PROMPT | From the entries that follow, copy exactly the lines beginning at the line holding "Picture of Self-locking" and continuing through the line holding "Tuya WiFi APP".

Items from a data source

┄┄┄┄┄┄┄┄┄┄┄┄┄┄┄┄┄┄┄┄

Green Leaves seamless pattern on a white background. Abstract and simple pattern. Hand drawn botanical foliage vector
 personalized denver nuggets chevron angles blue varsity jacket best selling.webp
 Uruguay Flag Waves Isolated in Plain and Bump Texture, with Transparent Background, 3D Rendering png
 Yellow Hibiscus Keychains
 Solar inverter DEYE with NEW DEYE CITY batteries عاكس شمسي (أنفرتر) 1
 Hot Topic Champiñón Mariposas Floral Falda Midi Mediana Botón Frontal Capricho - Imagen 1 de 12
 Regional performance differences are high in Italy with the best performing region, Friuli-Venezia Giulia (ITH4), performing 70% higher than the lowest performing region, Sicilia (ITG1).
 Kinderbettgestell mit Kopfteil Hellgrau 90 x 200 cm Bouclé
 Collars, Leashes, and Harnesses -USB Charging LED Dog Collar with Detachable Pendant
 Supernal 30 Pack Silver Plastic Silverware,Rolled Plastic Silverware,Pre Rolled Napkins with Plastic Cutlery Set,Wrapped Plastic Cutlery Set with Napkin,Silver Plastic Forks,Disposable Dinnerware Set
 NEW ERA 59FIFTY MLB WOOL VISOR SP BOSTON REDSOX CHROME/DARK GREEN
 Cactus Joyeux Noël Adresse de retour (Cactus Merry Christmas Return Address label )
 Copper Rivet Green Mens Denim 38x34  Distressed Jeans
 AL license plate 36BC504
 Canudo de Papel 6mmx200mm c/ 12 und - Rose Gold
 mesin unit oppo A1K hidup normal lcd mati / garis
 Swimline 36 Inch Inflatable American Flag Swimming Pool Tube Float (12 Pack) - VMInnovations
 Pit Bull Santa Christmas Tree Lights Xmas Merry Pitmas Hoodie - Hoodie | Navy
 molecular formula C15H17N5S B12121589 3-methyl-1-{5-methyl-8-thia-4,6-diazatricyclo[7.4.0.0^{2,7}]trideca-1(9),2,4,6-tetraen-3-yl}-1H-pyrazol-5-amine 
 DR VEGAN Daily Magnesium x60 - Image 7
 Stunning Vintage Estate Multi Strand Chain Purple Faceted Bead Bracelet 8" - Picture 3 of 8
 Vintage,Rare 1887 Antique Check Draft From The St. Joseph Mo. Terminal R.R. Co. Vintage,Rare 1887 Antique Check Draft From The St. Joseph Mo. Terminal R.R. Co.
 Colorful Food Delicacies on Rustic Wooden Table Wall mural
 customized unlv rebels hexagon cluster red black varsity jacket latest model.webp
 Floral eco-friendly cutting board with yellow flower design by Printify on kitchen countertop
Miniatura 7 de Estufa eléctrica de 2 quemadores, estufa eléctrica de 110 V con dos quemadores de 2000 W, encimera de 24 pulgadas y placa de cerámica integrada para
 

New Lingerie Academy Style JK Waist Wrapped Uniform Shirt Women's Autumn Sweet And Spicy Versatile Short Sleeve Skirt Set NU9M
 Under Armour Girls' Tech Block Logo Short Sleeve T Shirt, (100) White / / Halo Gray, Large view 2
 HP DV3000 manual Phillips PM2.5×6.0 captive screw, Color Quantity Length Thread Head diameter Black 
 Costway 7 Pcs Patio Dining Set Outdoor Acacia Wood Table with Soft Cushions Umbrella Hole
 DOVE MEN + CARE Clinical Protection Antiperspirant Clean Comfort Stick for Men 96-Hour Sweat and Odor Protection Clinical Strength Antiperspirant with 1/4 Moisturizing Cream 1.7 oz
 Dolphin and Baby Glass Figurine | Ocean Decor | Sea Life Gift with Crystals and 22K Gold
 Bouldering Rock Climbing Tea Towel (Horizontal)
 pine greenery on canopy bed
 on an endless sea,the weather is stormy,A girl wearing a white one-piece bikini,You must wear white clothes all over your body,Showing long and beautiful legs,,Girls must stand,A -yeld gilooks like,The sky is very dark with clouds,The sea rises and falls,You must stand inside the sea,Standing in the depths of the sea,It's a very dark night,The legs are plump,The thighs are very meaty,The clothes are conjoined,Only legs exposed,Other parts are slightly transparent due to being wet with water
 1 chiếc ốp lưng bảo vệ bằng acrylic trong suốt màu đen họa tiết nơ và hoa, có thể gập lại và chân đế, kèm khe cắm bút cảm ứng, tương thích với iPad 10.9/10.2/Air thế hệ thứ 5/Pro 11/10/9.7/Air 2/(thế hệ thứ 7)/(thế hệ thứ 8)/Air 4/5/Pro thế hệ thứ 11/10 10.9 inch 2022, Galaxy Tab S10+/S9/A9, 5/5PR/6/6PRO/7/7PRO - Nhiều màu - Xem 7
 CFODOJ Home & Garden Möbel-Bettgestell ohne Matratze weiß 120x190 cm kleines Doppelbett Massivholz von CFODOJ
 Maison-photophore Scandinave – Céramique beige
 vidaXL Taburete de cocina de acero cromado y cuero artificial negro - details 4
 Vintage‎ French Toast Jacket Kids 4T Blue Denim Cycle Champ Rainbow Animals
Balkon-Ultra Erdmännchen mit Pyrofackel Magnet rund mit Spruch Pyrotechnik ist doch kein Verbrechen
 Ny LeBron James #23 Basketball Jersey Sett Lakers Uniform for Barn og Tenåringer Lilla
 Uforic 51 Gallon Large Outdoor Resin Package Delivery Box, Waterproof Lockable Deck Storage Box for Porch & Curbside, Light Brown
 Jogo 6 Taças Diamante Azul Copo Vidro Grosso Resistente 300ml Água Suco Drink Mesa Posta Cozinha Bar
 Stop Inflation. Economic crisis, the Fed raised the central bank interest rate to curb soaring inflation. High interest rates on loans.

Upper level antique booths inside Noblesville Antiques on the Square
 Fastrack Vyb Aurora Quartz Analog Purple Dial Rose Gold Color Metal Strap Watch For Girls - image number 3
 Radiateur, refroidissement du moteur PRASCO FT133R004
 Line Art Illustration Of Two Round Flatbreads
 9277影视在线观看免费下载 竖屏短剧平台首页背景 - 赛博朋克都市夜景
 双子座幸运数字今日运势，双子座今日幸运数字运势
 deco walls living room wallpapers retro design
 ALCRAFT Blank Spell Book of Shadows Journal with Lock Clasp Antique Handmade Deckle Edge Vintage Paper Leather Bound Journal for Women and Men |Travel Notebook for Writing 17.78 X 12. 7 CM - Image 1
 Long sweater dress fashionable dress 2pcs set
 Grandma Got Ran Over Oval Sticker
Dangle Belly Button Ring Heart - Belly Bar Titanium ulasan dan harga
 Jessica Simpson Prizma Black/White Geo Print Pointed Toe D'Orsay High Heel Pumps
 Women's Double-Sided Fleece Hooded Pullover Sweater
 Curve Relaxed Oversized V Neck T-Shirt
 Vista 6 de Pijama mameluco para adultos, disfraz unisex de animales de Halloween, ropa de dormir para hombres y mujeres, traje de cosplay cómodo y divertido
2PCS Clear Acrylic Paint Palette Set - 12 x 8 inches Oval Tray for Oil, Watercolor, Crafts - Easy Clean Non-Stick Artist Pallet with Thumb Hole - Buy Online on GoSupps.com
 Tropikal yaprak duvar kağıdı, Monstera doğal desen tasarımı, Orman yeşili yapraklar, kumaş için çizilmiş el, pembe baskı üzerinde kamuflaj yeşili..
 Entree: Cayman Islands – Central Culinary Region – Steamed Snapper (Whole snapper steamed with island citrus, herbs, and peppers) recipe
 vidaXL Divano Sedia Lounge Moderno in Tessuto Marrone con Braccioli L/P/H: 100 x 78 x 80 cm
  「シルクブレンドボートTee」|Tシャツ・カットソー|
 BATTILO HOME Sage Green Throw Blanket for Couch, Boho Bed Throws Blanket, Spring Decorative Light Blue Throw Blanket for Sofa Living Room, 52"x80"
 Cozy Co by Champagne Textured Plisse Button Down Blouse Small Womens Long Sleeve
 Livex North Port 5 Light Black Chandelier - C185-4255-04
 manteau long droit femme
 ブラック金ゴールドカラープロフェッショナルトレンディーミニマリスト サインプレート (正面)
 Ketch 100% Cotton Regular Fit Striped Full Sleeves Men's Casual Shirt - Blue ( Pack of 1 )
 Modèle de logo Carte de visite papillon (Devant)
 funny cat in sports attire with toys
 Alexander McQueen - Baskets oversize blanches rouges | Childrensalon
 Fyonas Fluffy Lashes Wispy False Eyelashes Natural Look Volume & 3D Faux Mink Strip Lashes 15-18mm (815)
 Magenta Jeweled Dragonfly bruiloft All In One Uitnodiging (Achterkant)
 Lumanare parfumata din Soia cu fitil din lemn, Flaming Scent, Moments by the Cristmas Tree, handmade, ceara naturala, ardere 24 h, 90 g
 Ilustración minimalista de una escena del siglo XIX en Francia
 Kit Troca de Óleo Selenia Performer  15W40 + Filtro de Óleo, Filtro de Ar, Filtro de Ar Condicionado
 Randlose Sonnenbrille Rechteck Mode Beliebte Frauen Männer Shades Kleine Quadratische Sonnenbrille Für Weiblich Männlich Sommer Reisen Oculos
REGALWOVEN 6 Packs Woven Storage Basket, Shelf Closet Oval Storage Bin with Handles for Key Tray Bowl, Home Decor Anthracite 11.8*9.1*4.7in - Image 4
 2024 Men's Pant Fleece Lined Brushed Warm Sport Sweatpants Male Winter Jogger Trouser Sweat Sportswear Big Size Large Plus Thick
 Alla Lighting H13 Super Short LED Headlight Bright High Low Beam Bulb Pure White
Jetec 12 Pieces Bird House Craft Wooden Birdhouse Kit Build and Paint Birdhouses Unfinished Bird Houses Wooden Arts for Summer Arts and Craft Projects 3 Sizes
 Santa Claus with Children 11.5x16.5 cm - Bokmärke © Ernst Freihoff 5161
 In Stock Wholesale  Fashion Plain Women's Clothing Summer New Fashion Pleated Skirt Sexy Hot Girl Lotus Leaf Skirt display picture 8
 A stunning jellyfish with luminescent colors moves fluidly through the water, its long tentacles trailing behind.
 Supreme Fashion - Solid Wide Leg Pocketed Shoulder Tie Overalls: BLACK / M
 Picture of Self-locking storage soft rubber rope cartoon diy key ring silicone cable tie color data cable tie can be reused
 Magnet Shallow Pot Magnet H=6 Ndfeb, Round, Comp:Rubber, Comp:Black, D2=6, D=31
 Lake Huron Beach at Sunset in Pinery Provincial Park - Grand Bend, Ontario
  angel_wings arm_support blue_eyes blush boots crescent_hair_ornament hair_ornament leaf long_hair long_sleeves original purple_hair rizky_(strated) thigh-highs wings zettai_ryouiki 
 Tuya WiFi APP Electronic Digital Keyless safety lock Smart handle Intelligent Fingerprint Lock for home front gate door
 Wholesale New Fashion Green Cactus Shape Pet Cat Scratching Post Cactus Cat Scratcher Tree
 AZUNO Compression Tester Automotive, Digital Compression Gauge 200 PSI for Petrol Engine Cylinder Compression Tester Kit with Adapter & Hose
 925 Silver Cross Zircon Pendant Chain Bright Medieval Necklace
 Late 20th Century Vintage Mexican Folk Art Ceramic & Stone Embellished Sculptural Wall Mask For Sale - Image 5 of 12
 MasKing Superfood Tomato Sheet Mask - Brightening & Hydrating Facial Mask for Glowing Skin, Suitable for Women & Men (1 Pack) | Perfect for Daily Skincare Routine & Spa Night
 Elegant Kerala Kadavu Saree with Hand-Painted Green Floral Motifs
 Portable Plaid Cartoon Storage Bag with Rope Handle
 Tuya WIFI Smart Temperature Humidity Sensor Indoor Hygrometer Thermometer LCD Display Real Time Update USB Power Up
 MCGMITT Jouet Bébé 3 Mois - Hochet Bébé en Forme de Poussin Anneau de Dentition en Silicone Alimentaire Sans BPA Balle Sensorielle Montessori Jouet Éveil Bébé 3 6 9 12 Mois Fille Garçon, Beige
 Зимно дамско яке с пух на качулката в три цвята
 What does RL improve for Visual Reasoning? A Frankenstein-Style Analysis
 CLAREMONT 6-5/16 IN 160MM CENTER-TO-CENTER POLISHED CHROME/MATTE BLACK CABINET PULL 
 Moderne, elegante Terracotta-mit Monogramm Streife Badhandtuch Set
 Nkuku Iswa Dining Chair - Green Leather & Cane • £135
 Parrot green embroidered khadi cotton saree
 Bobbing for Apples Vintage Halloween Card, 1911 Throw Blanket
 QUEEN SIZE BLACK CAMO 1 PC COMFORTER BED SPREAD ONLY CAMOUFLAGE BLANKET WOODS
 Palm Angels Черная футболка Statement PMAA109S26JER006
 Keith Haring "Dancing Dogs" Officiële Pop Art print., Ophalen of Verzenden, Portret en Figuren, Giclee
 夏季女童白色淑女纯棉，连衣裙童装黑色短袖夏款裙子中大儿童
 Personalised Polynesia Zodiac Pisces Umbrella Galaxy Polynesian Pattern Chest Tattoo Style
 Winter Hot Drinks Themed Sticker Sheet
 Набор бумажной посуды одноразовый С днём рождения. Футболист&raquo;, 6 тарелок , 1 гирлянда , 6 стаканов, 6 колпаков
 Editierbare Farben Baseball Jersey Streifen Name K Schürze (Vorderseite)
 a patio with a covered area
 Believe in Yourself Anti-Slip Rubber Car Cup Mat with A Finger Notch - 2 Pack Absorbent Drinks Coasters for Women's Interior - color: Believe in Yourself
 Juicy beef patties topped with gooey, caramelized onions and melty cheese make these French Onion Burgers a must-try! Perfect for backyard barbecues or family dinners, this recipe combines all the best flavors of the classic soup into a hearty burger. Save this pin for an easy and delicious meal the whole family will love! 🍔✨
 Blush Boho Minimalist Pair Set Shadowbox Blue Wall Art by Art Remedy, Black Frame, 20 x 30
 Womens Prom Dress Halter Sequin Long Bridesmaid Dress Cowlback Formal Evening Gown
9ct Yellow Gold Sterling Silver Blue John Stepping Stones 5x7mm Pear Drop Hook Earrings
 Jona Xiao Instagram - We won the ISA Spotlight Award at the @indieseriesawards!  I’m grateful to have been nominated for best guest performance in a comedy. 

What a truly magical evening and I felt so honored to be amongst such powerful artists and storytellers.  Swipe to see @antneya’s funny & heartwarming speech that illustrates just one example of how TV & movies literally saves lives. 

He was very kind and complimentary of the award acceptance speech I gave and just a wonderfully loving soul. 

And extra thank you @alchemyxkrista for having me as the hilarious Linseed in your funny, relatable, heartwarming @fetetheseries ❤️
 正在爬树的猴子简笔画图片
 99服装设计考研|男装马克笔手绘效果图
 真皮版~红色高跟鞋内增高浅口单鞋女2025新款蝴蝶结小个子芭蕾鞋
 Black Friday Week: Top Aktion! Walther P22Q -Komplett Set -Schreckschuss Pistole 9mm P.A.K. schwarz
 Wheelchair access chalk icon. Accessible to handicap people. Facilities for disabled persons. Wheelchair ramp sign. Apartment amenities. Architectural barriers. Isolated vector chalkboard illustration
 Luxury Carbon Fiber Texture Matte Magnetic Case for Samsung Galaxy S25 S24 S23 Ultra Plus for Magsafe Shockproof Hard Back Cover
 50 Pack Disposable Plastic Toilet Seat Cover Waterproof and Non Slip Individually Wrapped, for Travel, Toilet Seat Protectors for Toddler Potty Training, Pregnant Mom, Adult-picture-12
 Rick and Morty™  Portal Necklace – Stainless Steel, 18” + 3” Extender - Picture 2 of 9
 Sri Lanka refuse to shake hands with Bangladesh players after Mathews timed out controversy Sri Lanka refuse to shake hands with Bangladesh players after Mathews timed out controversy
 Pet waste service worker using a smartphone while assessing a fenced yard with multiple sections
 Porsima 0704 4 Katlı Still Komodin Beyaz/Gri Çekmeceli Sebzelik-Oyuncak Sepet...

┄┄┄┄┄┄┄┄┄┄┄┄┄┄┄┄┄┄┄┄

SOLUTION |
 Picture of Self-locking storage soft rubber rope cartoon diy key ring silicone cable tie color data cable tie can be reused
 Magnet Shallow Pot Magnet H=6 Ndfeb, Round, Comp:Rubber, Comp:Black, D2=6, D=31
 Lake Huron Beach at Sunset in Pinery Provincial Park - Grand Bend, Ontario
  angel_wings arm_support blue_eyes blush boots crescent_hair_ornament hair_ornament leaf long_hair long_sleeves original purple_hair rizky_(strated) thigh-highs wings zettai_ryouiki 
 Tuya WiFi APP Electronic Digital Keyless safety lock Smart handle Intelligent Fingerprint Lock for home front gate door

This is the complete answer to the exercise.